Compared to the Sony WF-1000MX3.
Even with the volume, the sound you receive from these headphones is flat and irregular. The low volume is subdued and the middle sounds strangely quiet. I missed the range of music so much, and the spoken words were muted. There is no application for headphones without tone. So you’re stuck with the built-in EQ settings. You can scroll through the three settings by pressing the left button on the handset, but neither of them improves the sound. The sound was more acceptable for phone calls, but it is nothing special. People could hear me, but it was obvious that I was using headphones somewhat.
The lack of an application means that you can not change the functions of the buttons and they are almost useless with the included settings. You can play / pause with the right handset, and as mentioned earlier, the left handset switches between EQ functions. You can press and hold the right handset on the Assistant if you have set it. However, there is no way to change the volume or even skip tracks. Honestly, this is unforgivable in $ 200 headphones. It’s probably the worst control setting I’ve ever seen on such a device.

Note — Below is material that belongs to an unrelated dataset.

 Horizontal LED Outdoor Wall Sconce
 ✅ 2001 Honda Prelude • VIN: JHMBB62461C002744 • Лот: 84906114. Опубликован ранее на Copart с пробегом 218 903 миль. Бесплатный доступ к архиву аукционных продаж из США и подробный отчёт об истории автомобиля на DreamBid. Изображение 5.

The UV LEDs are located on the bottom of the case.
The big selling point of LG here is the ultraviolet lights inside the case. When you connect the Tone Free for charging, the UV lights come on to sterilize the edges. LG points out research that says it will reduce the number of bacteria in the headphones. That’s okay, but I do not see it as a benefit to users. Sterile is different from pure – you can kill bacteria on the headphones, but they just return to your ears with all the ear wax still attached.
Do you have to buy them?
Definitely no. The LG Tone headphones make a good first impression with their compact design. However, everything is downhill from there. The sound quality is not what I would expect from a $ 200 headset and the application is scary. I have not yet found a comfortable orientation that aligns the speaker with the audio resource with a lot of trial and error.
The lack of features is also fraught. It’s rather strange that I can not skip tracks with the Tone Free buttons. All you have to do is change EQ and play / pause. If LG had an application with additional settings, this may be a saving grace, but it is not. I can not recommend anyone to buy these headphones when there are so many better options.
Buy them if …
You only buy LG products for a reason.
Do not buy them if …
You would prefer better, more comfortable headphones that cost less.